A third group emerged consisting of those that believed they needed to reinvent as much of the business as they could to have a better opportunity to compete in a new world.

Each of the three groups played a key role in the dealership buy/sell activity.

The first two groups were largely sellers and the third group, either held on and stood firm, bought, or sold out depending on circumstance and opportunities.

One belief became very clear as the pandemic ravaged on — things were not returning to normal anytime soon, if ever, and consumers were ready to try new things.

In the good old days, say before 2017, we all knew who our competitors were and what we had to do to outsell them. Business was predictable. The only ups and downs on the new vehicle side had to do with OEM programs.

Good ones helped increase sales and bad ones made it impossible for dealers to compete. Bad managers walked hand in hand with bad OEMs. As new vehicle sales went, so did used, service and parts. The falling tide lowers all boats. 

Sellers wanted out, and buyers were out looking for the right opportunity. It’s a situation that brokers could only dream of, and there it was right before their eyes.

F&I was the only saving grace. Changing managers rarely provided the lasting impact needed to turn things around. That’s all changed now. The business is different and will never return to the old comfortable days of the past.

Some dealers have realized this and decided to sell their stores while the values were still high. Normalized earnings calculations were all over the board. Some dealers tried to sell on pre-pandemic performance, others included the wage subsidies or a portion thereof because poor financial performance was not normal, fixed costs were adjusted up or down depending on the situation and so on and so on.

In many ways buyers were wading through uncharted waters and were excited. Multiples overall did in fact decline for many brands but remember the starting point was very high.
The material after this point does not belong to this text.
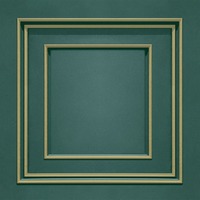 Image of Amara Panel Wallpaper Green / Gold Belgravia 7395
The pandemic did create an environment where strong dealers could and did go shopping. Sellers wanted out, and buyers were out looking for the right opportunity. It’s a situation that brokers could only dream of, and there it was right before their eyes.

The one difference is that buyers were being more selective. Smart ones focused on strategic opportunities that would add to their dealership portfolio in a meaningful way.  For those opportunities, engaged buyers were only too happy to pay a fair price.
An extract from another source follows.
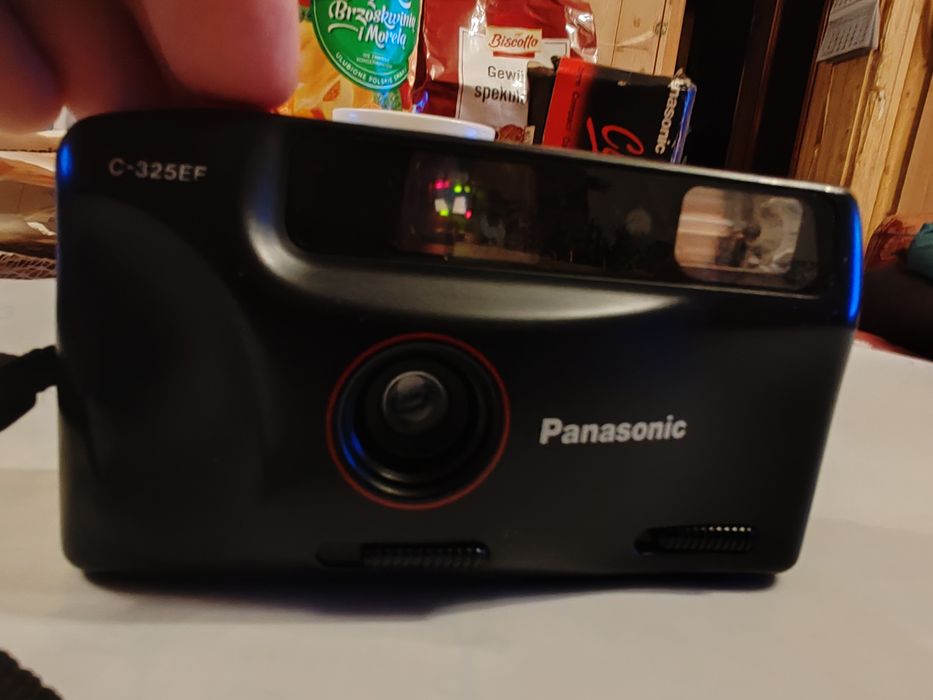 Aparat fotograficzny Panasonic Compact C-325EF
Potential sellers came in all shapes and sizes, small, medium, large, extra-large, and double extra-large. The environment was, and still is, ripe for the big to get bigger and for many dealers and dealer groups opportunity was present to exit stage left or right and head straight for the bank.

We have seen some enormous transactions these past six months. It’s my opinion that these and other types of transactions will continue. Some dealers will sell out completely, others partially, again others might only cash in on some of their accumulated real estate value and easily allow family or management to buy into dealerships to ensure the long-term success of the business and provide an opportunity for their legacy path to continue while taking some chips off the table in the short-term.

It does not matter whether your goal is to stand firm, or increase your business presence, or increase your family liquidity. No one can argue that growth through acquisition is not good for all of us. Regardless of your point of view, everyone has an opportunity to win. How long this environment will last is anyone’s guess.